离朱雀台最近的一处山巅,人群挤得密不透风。其中五名银面黑衣人悄然聚拢,身形不动,气息收敛。
楚云舟就在其中。
“就咱们五个?”他声音压得极低,目光扫过其余四人。
一眼便认出左边那人是无缺太子,右边那位是萧翊;另两个却面容全遮,身形陌生,连气息都刻意藏得极深。
他心头微动:莫非这两人里,真有一位压阵的宗师?
“岂止五个?”萧翊语调平静,“我们几个不便露脸,才裹了黑衣戴了银面。旁人早埋好了位置,只等动手时现身。”
“那便妥当。

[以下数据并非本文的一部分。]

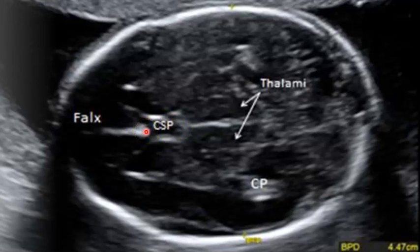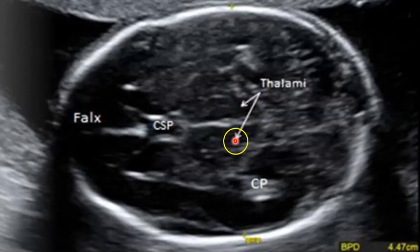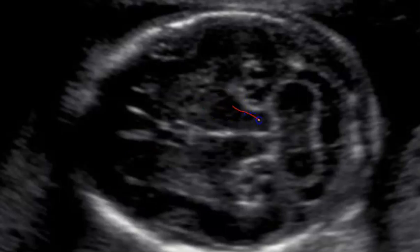The third landmark we want to use is the thalamus, which is going to be this kind of hypoechoic structure. Fun fact: if you're having a difficult time determining where the front of the baby's head is versus the back, look at the thalamus — it kind of makes an arrow shape and that arrow is always going to point towards the back of the baby's head.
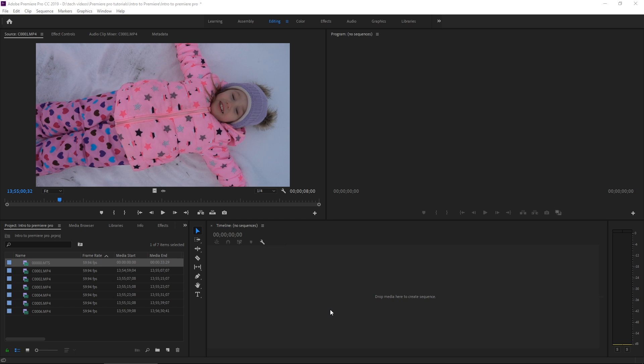Alright, so right back where we left off — we've imported footage, we already know the workspace and how everything's laid out. Right now we're going to pick the in and out points of this first clip, and then we're going to create a sequence based on what we want to upload.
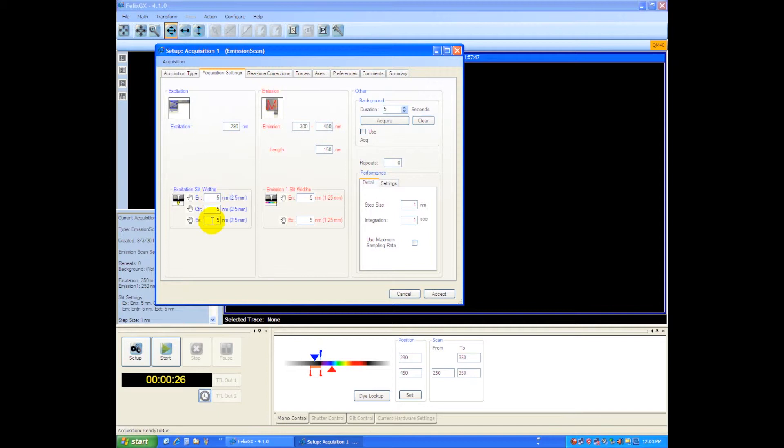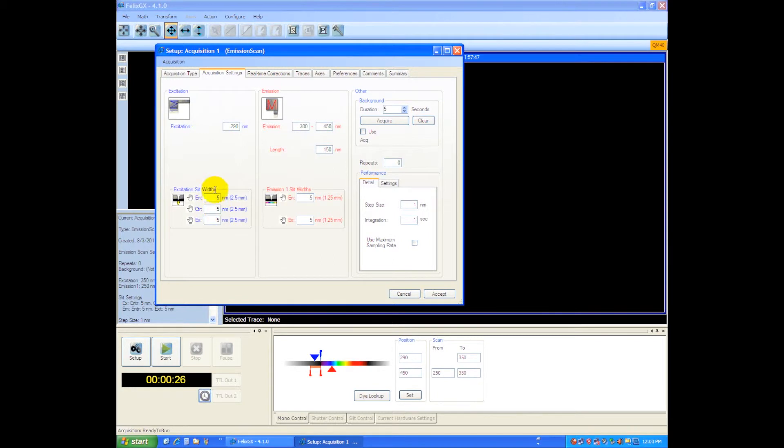This is where you would set the monochromator bandpass, the slit width. I'll just leave these at the default values. These slits are manual control, so whatever entry you put in here is just for your text purposes. If you had a motorized slit, these would control motors and they would set the bandwidth appropriately.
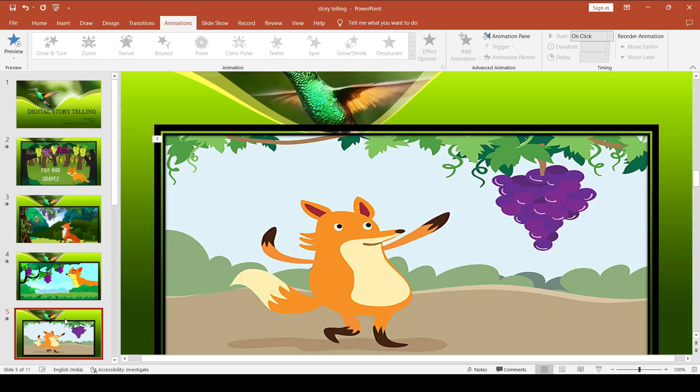The first time he jumped, he missed it by a long way. So he walked off a short distance and took a running leap at it, only to fall short once more.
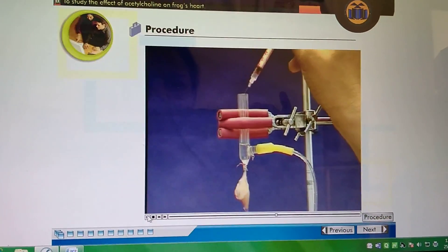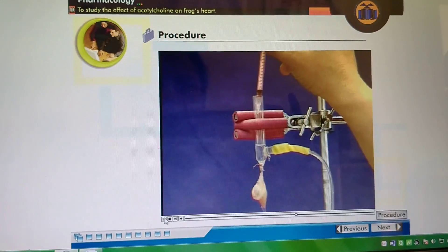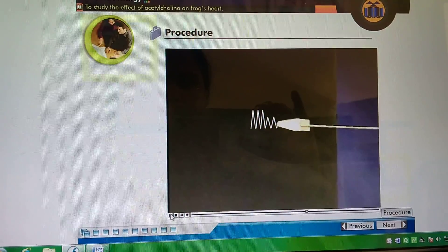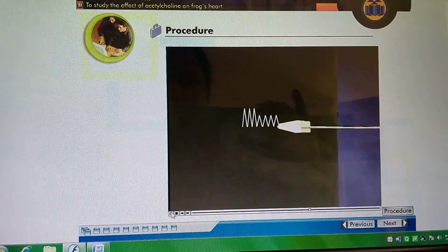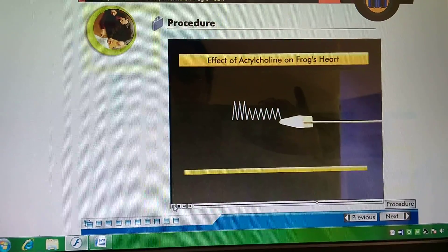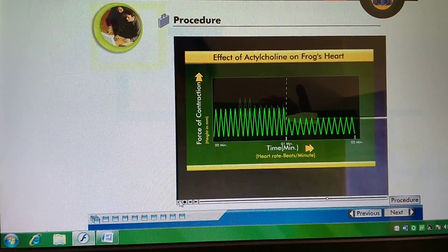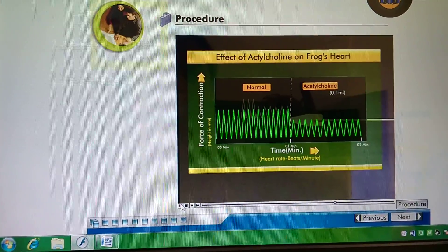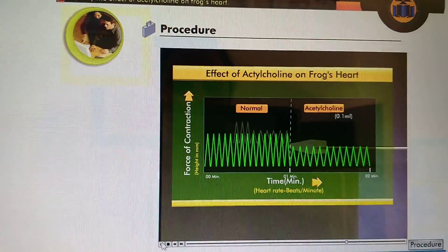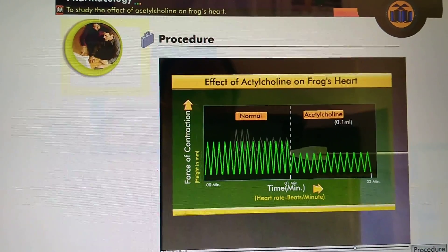Now stop the drum and inject 0.1 ml of acetylcholine solution into the cannula. Start the drum immediately and record the response of the heart on the smoked paper for one minute again. You can see that the rate of contraction and force of contraction of the heart reduces due to acetylcholine. Also observe the rhythmicity and tone of contraction.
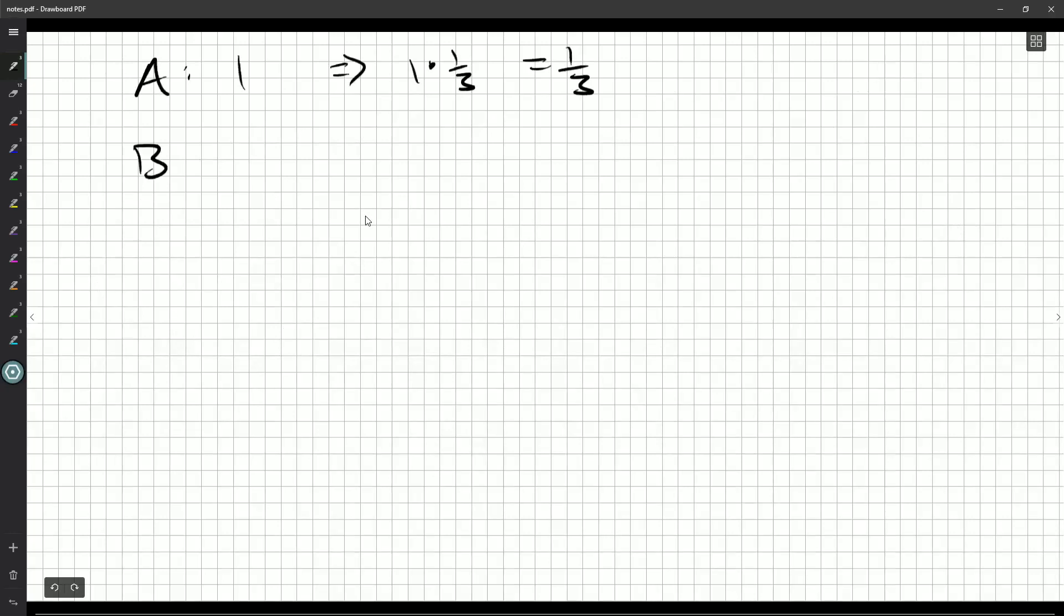And what would that leave for Beatrice? She'd have 104 free throws, and she'd make three-fifths of those. That's not an integer either. So the problem becomes a little more tricky.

”楚云舟略略吐气。
无缺太子忽而侧身,声如细线:“神剑带了?”
“带了。”楚云舟伸手按了按怀中长剑……剑鞘寻常,剑身却冷得渗人。正是灭绝神剑。
“好!”萧翊眸光一亮。
“胜算又添三分。”无缺太子也点头。
萧翊转头,朝另外两人问:“你们准备如何?”
左侧黑衣人嗓音低哑:“你传的那门绝技,练得仓促,火候未足。”
右侧那人接得干脆:“我也尚欠纯熟。不过你主攻,我二人策应……只要你不出纰漏,我们绝不拖后腿。”
“嗯。”萧翊没多言,只轻轻点头。
几人再低声合计几句,各自敛息静待。
未久,一道鹤唳破空而来……
啾……!
灵鹤振翅如云掠,速度快得只余残影。鹤游仙负手立于鹤背,袍袖翻飞,衣袂猎猎,恍若自云中垂落。
唰!
鹤影骤降,稳稳落在朱雀台正中。他足尖一点,飘然落地;抬手轻挥,灵鹤仰颈长鸣,旋即腾空而去,眨眼不见踪迹。
鹤游仙盘膝坐定,闭目调息,再不言语。
四周顿时嗡然。
“来了!鹤游仙到了!”
“这鹤……怕不是活了百年的老灵种?”
“何止!听说血脉直溯上古,离宗师境只差半步。”
“他早年闯过蛮荒域,见过不老青松,骑的就是这只鹤……松鹤万寿神功,就是靠它跟那棵老松参悟出来的。”
“截天教内排得上前五的绝学啊……”
“你要是能创出一门三流功夫,我都给你磕头!”
“嘿,我好歹也是先天境,编套粗浅口诀,还难不倒我!”
……
“听说没?松鹤万寿神功,他已练到第十一层,只差一层圆满。这次专程来云州挑李朝仙,怕是早把胜券揣进怀里了。”
“十二层?我听的是十五层……不过人家敢踏进青鸾天宫的地界,总不会是来送人头的。”
“唉,李朝仙大人若输了,云州武者往后去中州,怕是要低头走路喽。”
“可不是?但愿……他能赢。”
议论声未歇,忽有人失声喊道……
“快瞧!李朝仙来了!”
众人齐齐抬头。
只见远处天际,一人踏虚而行,每一步落下,空中似有闷雷滚过……
轰!轰!轰!
一步一震,空气如水荡漾;一步一印,脚下仿佛踏着无形阶梯。
他就这样,不疾不徐,从远空走来,直至停在朱雀台另一端,袍角未扬,气息未乱。
李朝仙踏上朱雀台的刹那,一股灼烈气机自他体内轰然炸开,直冲云霄,天光微黯。
凌空而立,势如焚焰!
四下里鸦雀无声,所有目光齐刷刷钉在朱雀台上,连呼吸都压得极低。
楚云舟脊背一挺,眼底倏然亮起,死死盯住台上。